One Giant or Thousand Ants

We recently thought a lot about ways to build a good model for movie recommendations. There is no need for perfection, but it should be at least useful for the user and not the kind of model that suggests all Meg Ryan movies just because you recently watched a romantic comedy with her.

The whole idea is haunting us since quite a while, so we are very skeptical that a single new idea or technology, like Deep Learning, will solve all our problems. Maybe we should start again from scratch and get inspired by the human brain itself. A child learns step by step and not all at once and so should learn our model.
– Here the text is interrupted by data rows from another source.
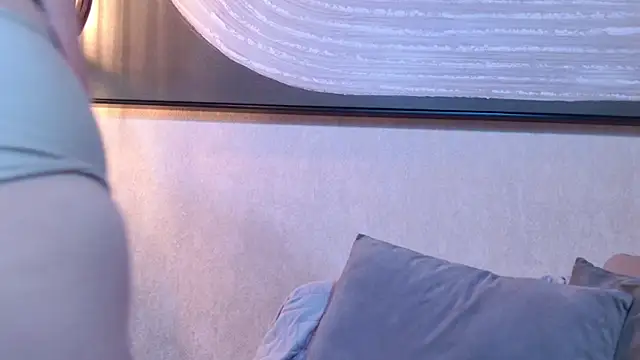 Snapshot of lissa_palmer chatting on 17, 11, 2025 lissa palmer online show from 17, 11, 2025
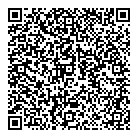 QR код "Coral"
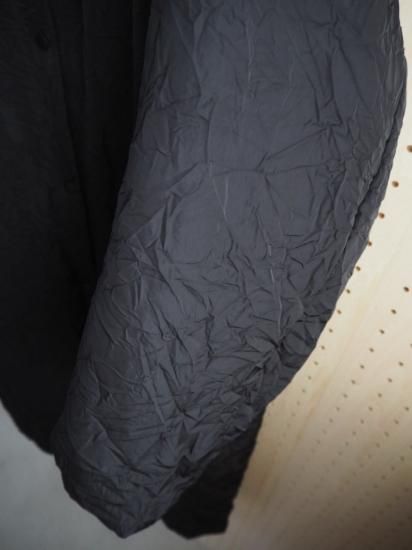  Squady  åå㡼ѥեƥåɥ㥱å 904-3677 8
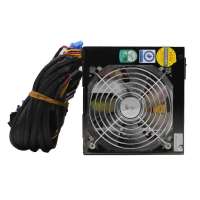 长城电源节电王GW-6000(88+)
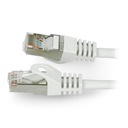 Lanberg Ethernet Patchcord FTP sieťový kábel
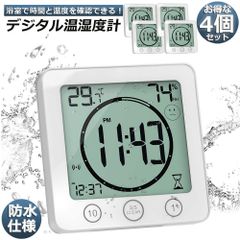 Item thumbnail for item b5f7454c-0724-42d5-8939-126a1fd131dd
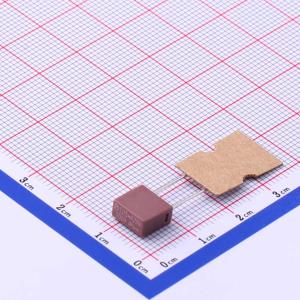 2009T315mA250V商品缩略图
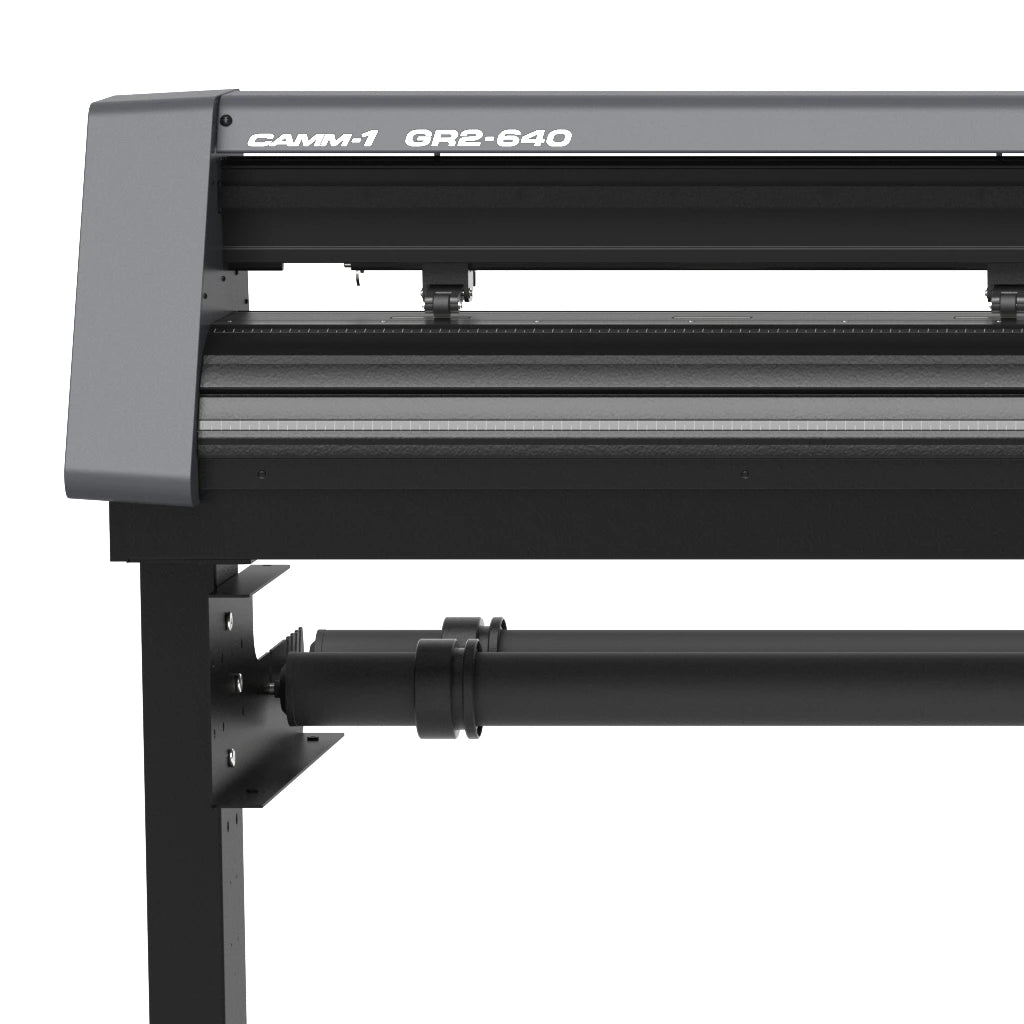 Roland CAMM-1 GR2 Vinyl Cutter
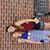 Jamie Nederhouser Gaddy's profile image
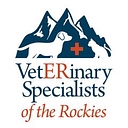 Vets of the Rockies logo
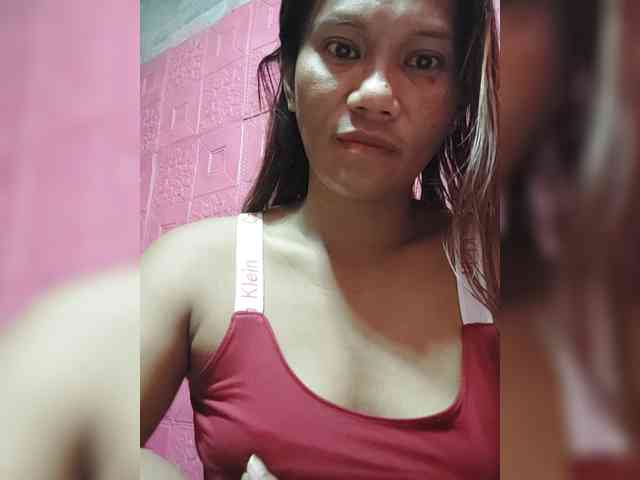 AnnaLizaXxX webcam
Stated differently, is it more useful to have several weak models that are combined somehow or to have one big model? Especially since we have data from very different domains like ratings, reviews, features, taxonomies and summaries, it seems more straightforward to learn simpler models for the different domains that are combined later.

Especially the ability to integrate a new domain ad-hoc seems to be very beneficial for a personalized TV system. For instance, if a new movie comes out and there is no meta data yet and only very limited ratings and reviews exist, data from an external source, like a social network -especially friends- could be very helpful to enrich the representation of the movie.

One of the bigger problems is sparsity which is especially a problem for movies that are lesser known and thus, only very few data is available. For this kind of movies, we need every bit of information we can get to make useful predictions and it is extremely unlikely that all the information are from a single domain.

So at the end, we choose the ants over the giant in the hope that an army of ants is much more useful than a single, but mighty leviathan.